What's going on? In two words: higher productivity. Factories are becoming more efficient, with new equipment and technology, and in nations like China, market reforms are replacing old state-run plans with modern ones. As a result, even as China produces more manufactured goods than ever before, millions of its factory workers have been laid off.
Routine office jobs are disappearing almost as fast as routine factory jobs. Almost any office task -- claims adjusting, mortgage processing -- can be done more cheaply and accurately these days by specialized software. Jobs that can't be turned into software are heading to low-wage countries as fast as telecom systems can reach them. Not only are call centers, tech support and routine computer coding going abroad, but so are jobs involved in patent applications, divorce papers and certain domains of research. This trend portends a growing clash of interests at the top, between national and global symbolic analysts.
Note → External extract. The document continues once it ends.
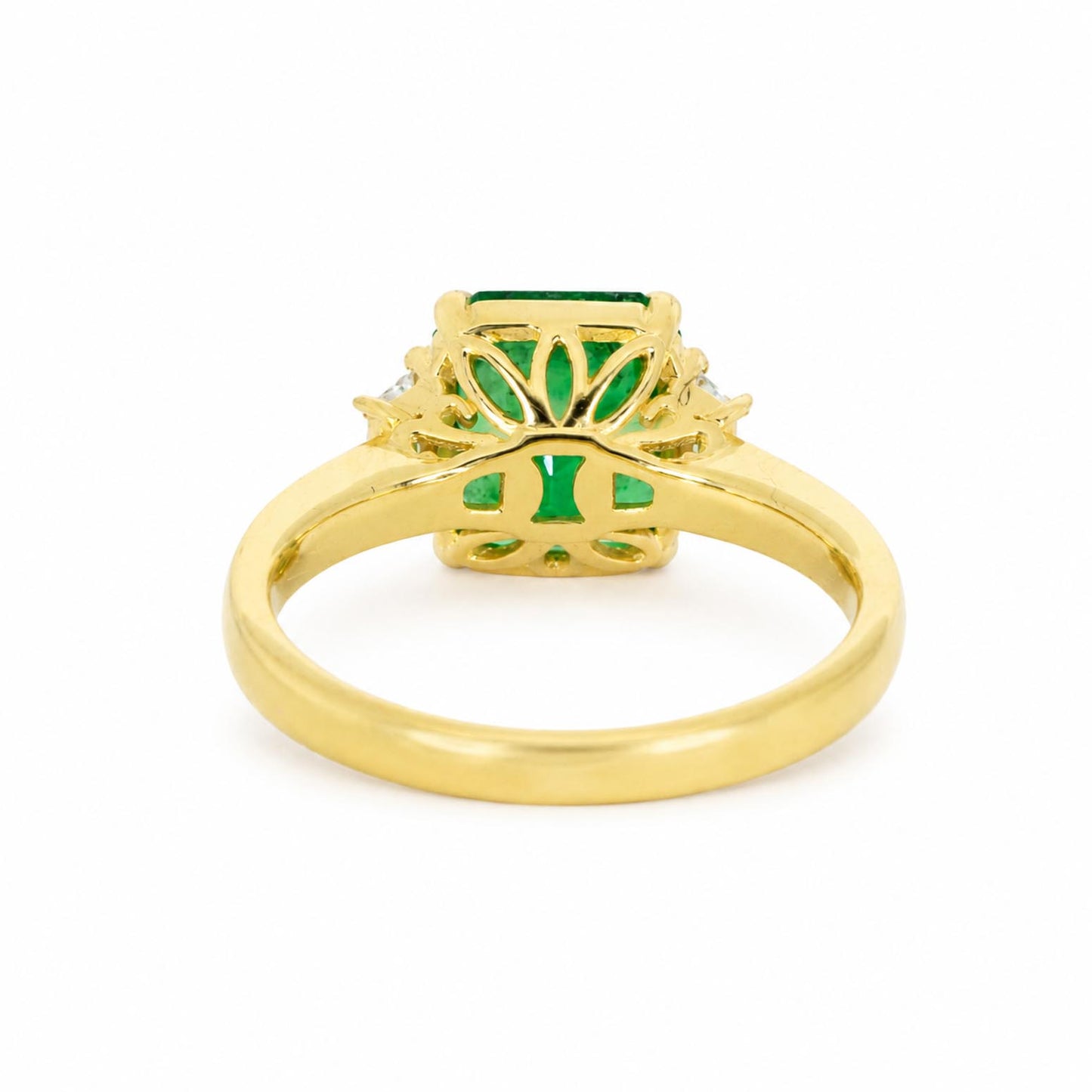 back view of a yellow gold ring featuring an emerald-cut Colombian emerald center stone and a floral setting shown on a plain white background.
More of the jobs of national symbolic analysts in advanced economies--including software programmers and engineers, designers and researchers -- are heading to national symbolic analysts in China, India and locations in Southeast Asia. Already Siemens, Nokia and General Electric are conducting manufacturing-related R&D in China. As a result, professionals in advanced economies are becoming worried about their job security, and less enamored of free trade and open capital markets. Global symbolic analysts, on the other hand, have a huge and growing stake in globalization. Their relational capital is far less transferable to Asia. Hence, as globalization intensifies, their skills are in ever greater demand.
The fears of national symbolic analysts are premature. The demand for their skills is still rising, notwithstanding the new competition. The earnings of university graduates in the United States and most advanced economies continue to outpace the earnings of those with only secondary-school diplomas, and the earnings of people with graduate and professional degrees are rising even faster. If demand for symbolic analysts were dropping, we would expect the opposite.
Yet unless the advanced economies invest more in education and basic R&D, they could lose their global lead in science, engineering and high-value-added production within a few decades. China and India are now graduating more engineers and computer scientists than are emerging from American and European universities. At some point, national symbolic analysts in advanced economies will lose ground. Their global brethren, meanwhile, will continue to dominate global commerce. The income and wealth gap between them will widen into a chasm. They will live, literally, in different cultures.